Can fart jokes save the future of reading?

by

“Can fart jokes save the reading souls of boys?” asks an Associated Press wire story. Apparently, we had best hope so:

Boys have lagged behind girls in reading achievement for more than 20 years, but the gender gap now exists in nearly every state and has widened to mammoth proportions–as much as 10 percentage points in some, according to the Center on Education Policy.

“It certainly should set off alarm bells,” said the center’s director, Jack Jennings. “It’s a significant separation.”

….Parents of reluctant readers complain that boys are forced to stick to stuffy required school lists that exclude nonfiction or silly subjects, or have teachers who cater to higher achievers and girls. They’re hoping books that exploit boys’ love of bodily functions and gross-out humor can close the gap.

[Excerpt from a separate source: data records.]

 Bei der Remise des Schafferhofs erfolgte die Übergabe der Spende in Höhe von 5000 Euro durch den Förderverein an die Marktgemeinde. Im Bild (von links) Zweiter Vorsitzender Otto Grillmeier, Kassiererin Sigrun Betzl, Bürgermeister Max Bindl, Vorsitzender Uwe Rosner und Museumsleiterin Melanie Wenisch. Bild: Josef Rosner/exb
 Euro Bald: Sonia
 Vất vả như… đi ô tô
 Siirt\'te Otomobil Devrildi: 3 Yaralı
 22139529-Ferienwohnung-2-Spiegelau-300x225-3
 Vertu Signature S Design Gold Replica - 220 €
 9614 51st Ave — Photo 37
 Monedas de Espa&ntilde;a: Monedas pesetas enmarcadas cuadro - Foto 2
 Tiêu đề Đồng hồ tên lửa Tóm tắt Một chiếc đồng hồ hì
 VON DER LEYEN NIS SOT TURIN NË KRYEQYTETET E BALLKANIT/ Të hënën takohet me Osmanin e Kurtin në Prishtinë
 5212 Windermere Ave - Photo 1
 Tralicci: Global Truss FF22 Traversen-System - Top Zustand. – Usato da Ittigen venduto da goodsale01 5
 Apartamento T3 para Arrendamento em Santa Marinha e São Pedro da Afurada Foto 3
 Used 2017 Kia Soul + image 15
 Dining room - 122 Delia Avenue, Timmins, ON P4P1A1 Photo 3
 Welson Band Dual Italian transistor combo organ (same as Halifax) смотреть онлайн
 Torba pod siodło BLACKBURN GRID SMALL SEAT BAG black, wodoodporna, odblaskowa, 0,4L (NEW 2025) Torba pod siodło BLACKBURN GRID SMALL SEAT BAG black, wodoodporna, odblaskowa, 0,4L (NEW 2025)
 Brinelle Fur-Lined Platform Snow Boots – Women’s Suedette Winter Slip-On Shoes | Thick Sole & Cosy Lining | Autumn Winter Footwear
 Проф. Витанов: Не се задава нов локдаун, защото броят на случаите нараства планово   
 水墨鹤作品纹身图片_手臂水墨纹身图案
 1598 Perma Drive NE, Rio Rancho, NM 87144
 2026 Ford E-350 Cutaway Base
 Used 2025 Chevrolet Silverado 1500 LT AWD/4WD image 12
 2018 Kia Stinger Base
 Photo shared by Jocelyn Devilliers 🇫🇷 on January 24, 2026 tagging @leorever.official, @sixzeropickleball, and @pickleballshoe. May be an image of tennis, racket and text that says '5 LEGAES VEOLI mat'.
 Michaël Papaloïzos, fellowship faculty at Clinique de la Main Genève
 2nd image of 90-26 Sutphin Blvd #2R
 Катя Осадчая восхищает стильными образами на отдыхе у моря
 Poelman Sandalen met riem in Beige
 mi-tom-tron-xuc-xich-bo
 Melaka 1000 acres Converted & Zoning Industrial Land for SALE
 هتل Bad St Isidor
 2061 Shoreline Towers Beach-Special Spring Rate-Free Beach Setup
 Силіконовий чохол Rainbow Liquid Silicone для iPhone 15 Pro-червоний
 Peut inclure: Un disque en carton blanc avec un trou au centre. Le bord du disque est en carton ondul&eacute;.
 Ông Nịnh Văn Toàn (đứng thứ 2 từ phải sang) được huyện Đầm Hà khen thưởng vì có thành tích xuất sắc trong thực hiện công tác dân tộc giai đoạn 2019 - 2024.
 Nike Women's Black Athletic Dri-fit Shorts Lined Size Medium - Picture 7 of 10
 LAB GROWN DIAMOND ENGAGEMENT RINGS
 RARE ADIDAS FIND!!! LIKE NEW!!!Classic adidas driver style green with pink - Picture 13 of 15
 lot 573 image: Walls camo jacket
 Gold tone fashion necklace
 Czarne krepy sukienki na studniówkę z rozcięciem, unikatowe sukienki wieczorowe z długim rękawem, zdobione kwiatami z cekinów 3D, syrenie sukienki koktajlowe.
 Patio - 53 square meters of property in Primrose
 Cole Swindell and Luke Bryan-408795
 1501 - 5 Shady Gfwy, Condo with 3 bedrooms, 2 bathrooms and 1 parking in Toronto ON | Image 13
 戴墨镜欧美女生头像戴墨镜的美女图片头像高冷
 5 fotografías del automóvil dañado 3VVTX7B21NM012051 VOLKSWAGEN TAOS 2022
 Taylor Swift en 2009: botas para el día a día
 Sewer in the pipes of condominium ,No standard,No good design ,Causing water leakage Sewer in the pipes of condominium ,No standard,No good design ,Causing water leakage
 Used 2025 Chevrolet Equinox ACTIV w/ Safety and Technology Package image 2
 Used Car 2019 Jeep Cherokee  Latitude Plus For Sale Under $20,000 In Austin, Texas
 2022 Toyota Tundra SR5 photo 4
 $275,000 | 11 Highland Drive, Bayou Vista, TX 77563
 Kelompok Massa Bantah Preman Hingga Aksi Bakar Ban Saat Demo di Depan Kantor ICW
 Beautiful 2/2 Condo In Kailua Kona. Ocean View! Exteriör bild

Driven by their desperation to attract young male readers attention, teachers, librarians and publishers are responding with a “steady stream of sports and historical nonfiction, potty humor, bloodthirsty vampires and action-packed graphic novels, fantasy and sleuthing,” according to the AP. “Butts, farts. Whatever, said Amelia Yunker, a children’s librarian in Farmington Hills, Mich. She hosted a grossology party with slime and an armpit noise demonstration. ‘Just get ’em reading. Worry about what they’re reading later.'”

As part of the enticement to read, some are adding on-line prizes, special features, and even video. Patrick Carman’s upper-grade books, the Skeleton Creek series from Scholastic, “use password-protected websites to alternate book text and quick fixes of shaky, hand-held video. To follow the story, reading and watching online are both required. ‘We’re meeting them halfway,’ Carman said. ‘It’s the idea that these books understand where they’re at.'”

And then there is the wildly successful, Sweet Farts written for younger kids by Ray Sabini, fourth grade teacher from Miller Place, New York. “‘Reaching those reluctant boys, it’s a challenge I take very, very seriously and this is what they think is funny,'” Sabini told the AP. “‘There’s also history in there. There’s science in there, the problem of bullying, but it’s the humor that gets their attention.'”

Jon Scieszka, former teacher and Library of Congress literary ambassador for young people’s lit, has been writing kid books for 20 years, and he is a bit more hopeful about the range of what boys will read. “‘Boys will read a wide variety of stuff, not just gross-out humor, but stuff they enjoy in large part is stuff that’s not seen as legitimate reading in some schools, so they’re already feeling they’re not part of the system,'” he told the AP.

There is, of course, a long and hollowed tradition of the gross-out in literature. So these young readers can look forward to some sophisticated adult fare. Rabelais anyone?

Valerie Merians is the co-founder and co-publisher of Melville House.